Additional thoughts from other people
Daniel Stone is the author of Undue Hate: A Behavioral Economic Analysis of Hostile Polarization in US Politics and Beyond, a book about polarization—specifically the aspect of how conflict makes us have distorted, overly pessimistic views of each other. I wanted to share his thoughts on this piece:
I love the basic point you make here: we need recognition at the top that polarization is a huge problem now, and thoughts on what we can do about it. Top politicians discussing this would be helpful but the big question of course is: What are concrete actions we could take going forward?
A few thoughts: I love the idea of third party mediation for Congress (Tim Kaine proposed this a few years ago). There's also the idea of one side making a sacrifice in an effort to repair the broader relationship. I'm intrigued by major changes to our political system like sortition, or completely eliminating the Democrat and Republican parties and starting from scratch. [Author’s note: for some other systemic-change ideas, see this post by David Foster.]
I don't know if any of these ideas are at all feasible. But I do think we likely need some major policy changes to shift things, and I think top Democrat and Republican leaders should commit will and resources to figure out what changes we can make and should make (an anti-polarization Manhattan Project!).
In the meantime simply talking about this more is a useful step, especially calling out politicians on each side for polarizing speech/actions, and encouraging them to call each other out for this.
Taylor Dotson is the author of The Divide: How Fanatical Certitude Is Destroying Democracy. Taylor writes:
How refreshing would it be for an American politician, especially the President, to say something like this and mean it! One of the ways in which polarization is so destructive is that hostilities of the election cycle bleed into the everyday work of politicians, undercutting the possibility for honest negotiation and good faith compromises. When political officials are both hard on ideas and hard on people, good old fashioned politics doesn’t happen.

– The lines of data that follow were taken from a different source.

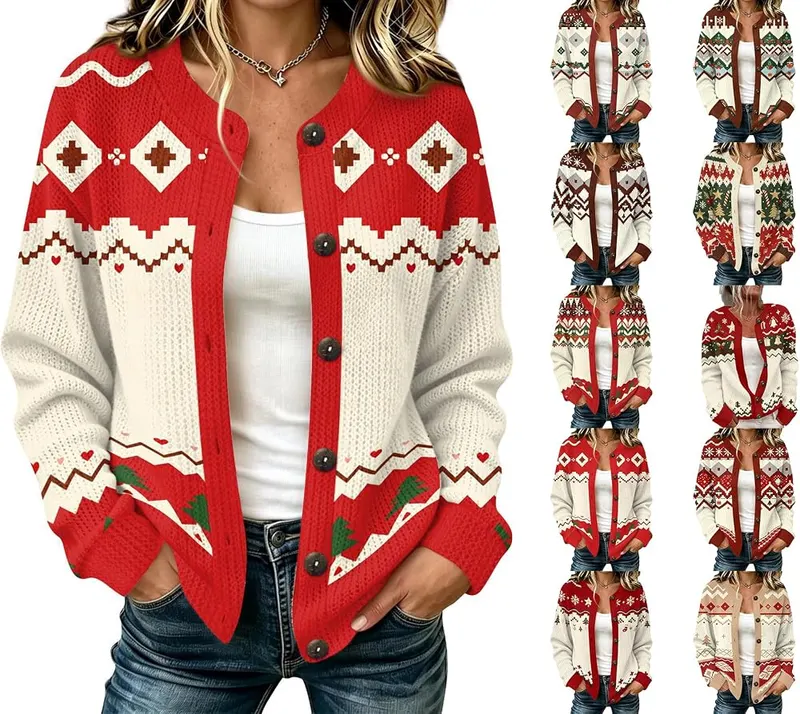 Generic Christmas Cardigan Sweaters A001red in A001red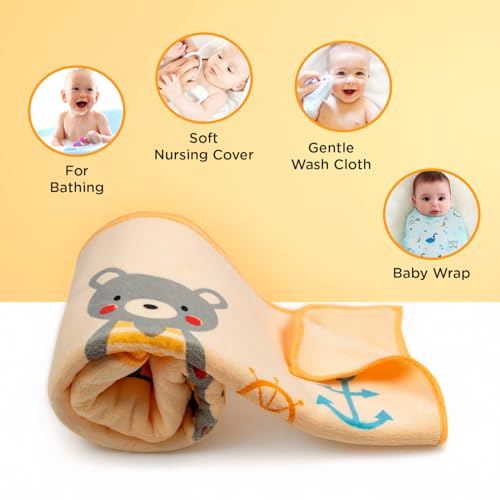Mee Mee Micro Fiber Baby Bath Towel for New Born | Wash Cloth, Quick Absorbent, Extra Soft Cotton Towels for Kids/Toddlers/Infants/Babies, Pack of 1, Orange 70X110 CM - Image 3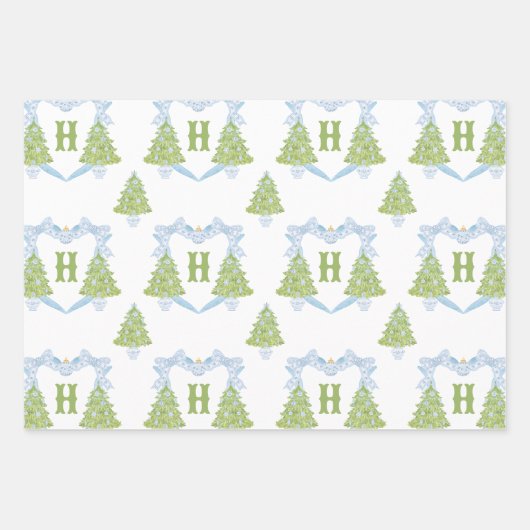 Blue Chinoiserie Christmas Tree Monogram Crest Inpakpapier Vel (Voorkant 2)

To build on Daniel Stone’s question about what concrete actions we should take, I think it’s worthwhile to imagine how the policies proposed by the president or in the halls of Congress might have to change. Polarization builds not just on nastiness and mutual mistrust, but also on the fact that the laws that Democrats and Republicans propose and pass are too often the opposite of compromises. Texas bill SB 14, for example, outright bars gender-affirming care for minors, while a proposed law in California threatens to remove custody rights for a parent that doesn’t affirm a potentially gender-dysphoric child’s new identity. Both of these bills inflame the already heated culture war over trans issues.
Political imagination is the biggest causality of polarization. Politicians try to cram through policies that may even be extreme within their own party, and see any concession to the “other side” as morally repugnant. We forget that we might develop policies, for instance, that simultaneously offer a pathway to gender-affirming care for minors while also respecting conservatives’ worries that gender clinics are making life-altering medical decisions without sufficient oversight.
President Biden could do more to help depolarize American politics by being an exemplar by political imagination, by laying out reasonable compromises when urging Congress to act on important issues or when drafting executive orders. No doubt that it’s fair for Democrats to worry that Republicans will demand still more concessions, in their view, watering down already compromised policy. But the risk that ongoing pernicious polarization poses to our country is more important, in my view, than scoring short-term political victories. Democracy is a long haul.